_EXERCISE DETAILS_: Every line of the data should be written out exactly, with the pictures left out.

_EXERCISE DATA_:
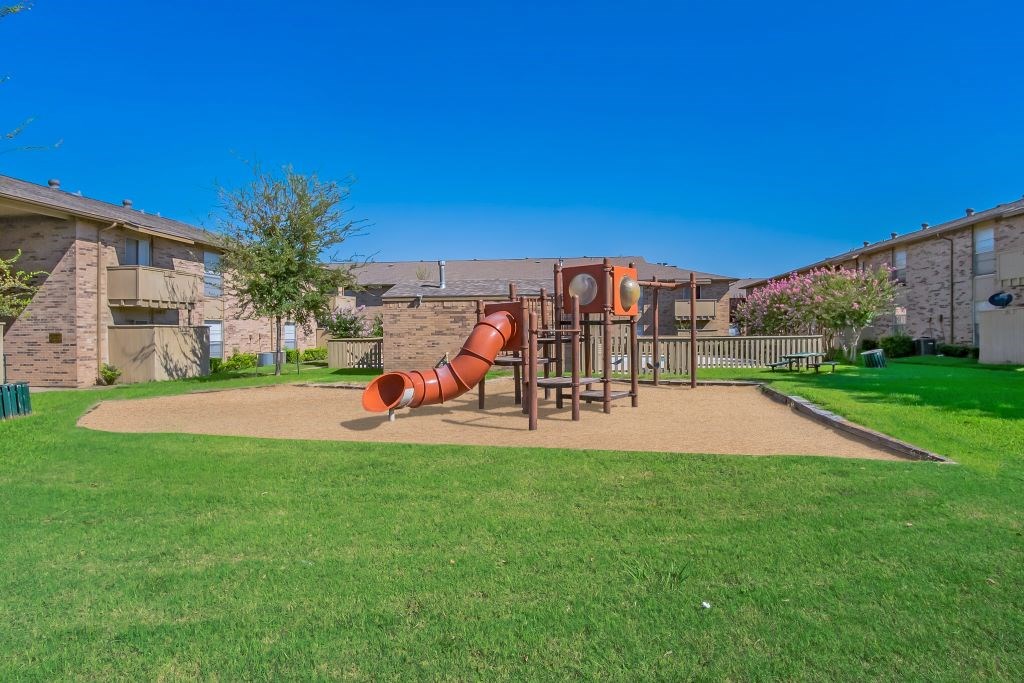 A playground with a red slide in the middle of a grassy area.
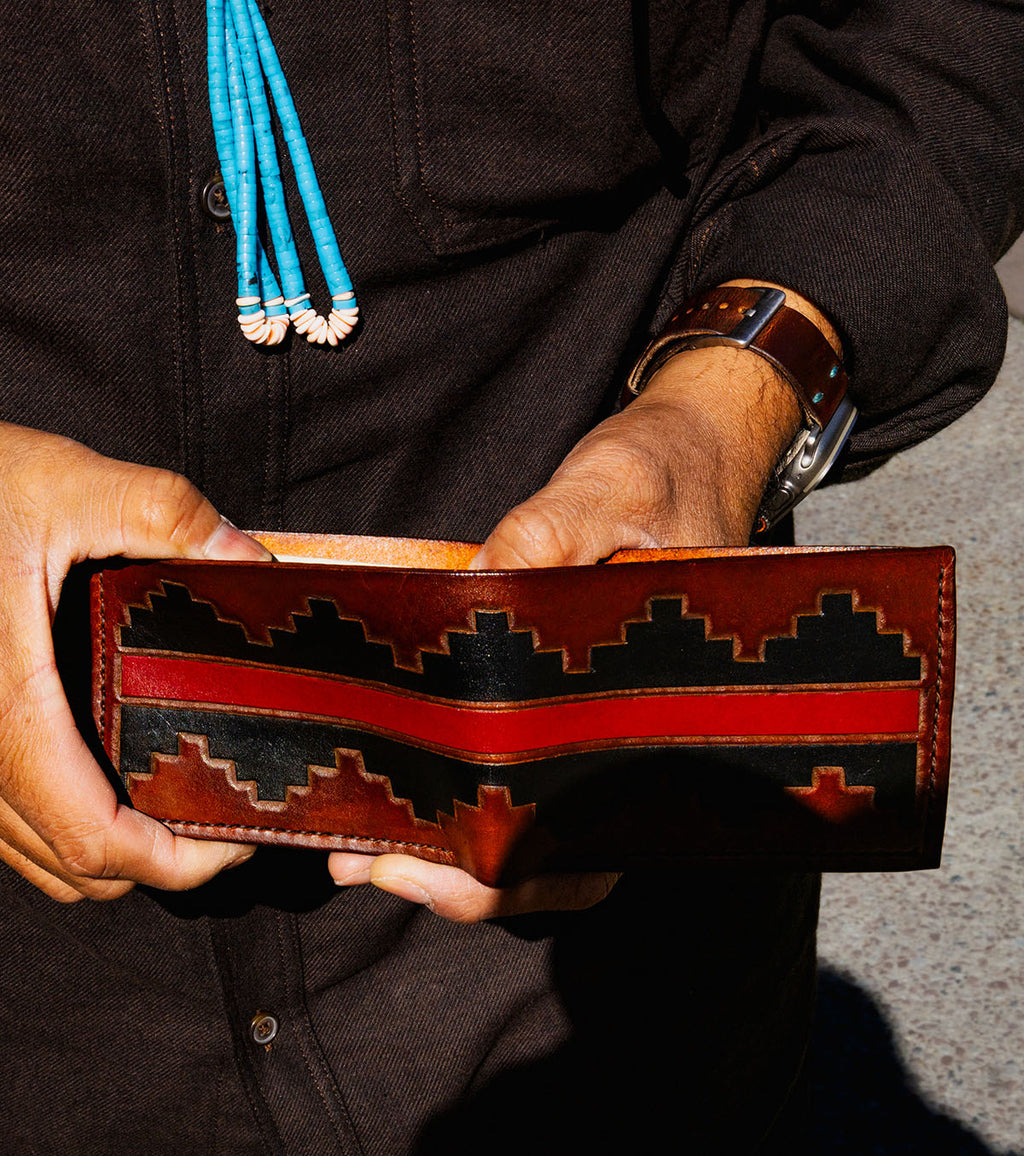 A close-up of a person holding a brown leather bi-fold wallet with a black and red geometric pattern. The person is wearing a dark brown shirt, a turquoise and white beaded necklace, and a brown leather watch.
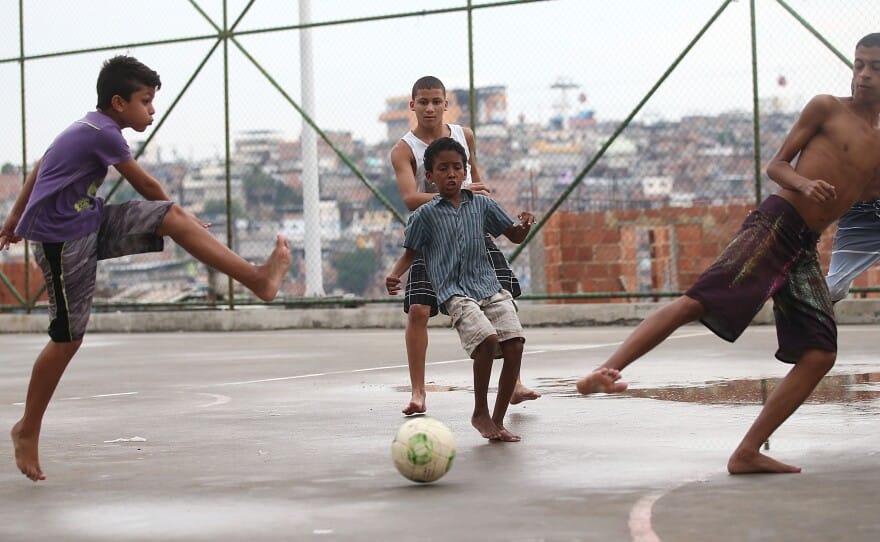 Children playing barefoot street football in Brazil, expressing imagination, joy, and creative freedom through play.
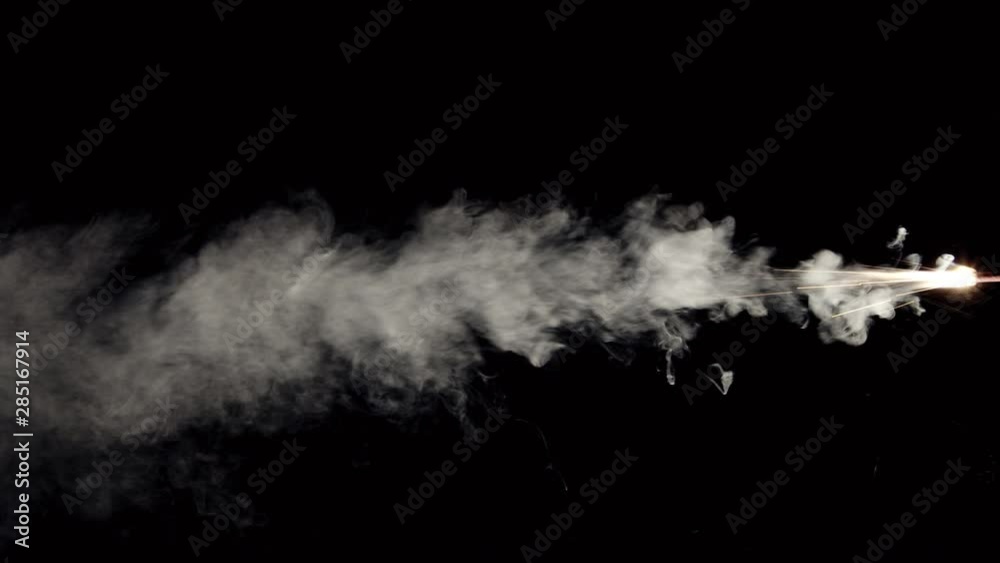 Firecracker burning and bursting smoke with sparks from side on black background Firecracker burning and bursting smoke with sparks from side on black background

_ANSWER TO THE PROBLEM_:
 A playground with a red slide in the middle of a grassy area.
 A close-up of a person holding a brown leather bi-fold wallet with a black and red geometric pattern. The person is wearing a dark brown shirt, a turquoise and white beaded necklace, and a brown leather watch.
 Children playing barefoot street football in Brazil, expressing imagination, joy, and creative freedom through play.
 Firecracker burning and bursting smoke with sparks from side on black background Firecracker burning and bursting smoke with sparks from side on black background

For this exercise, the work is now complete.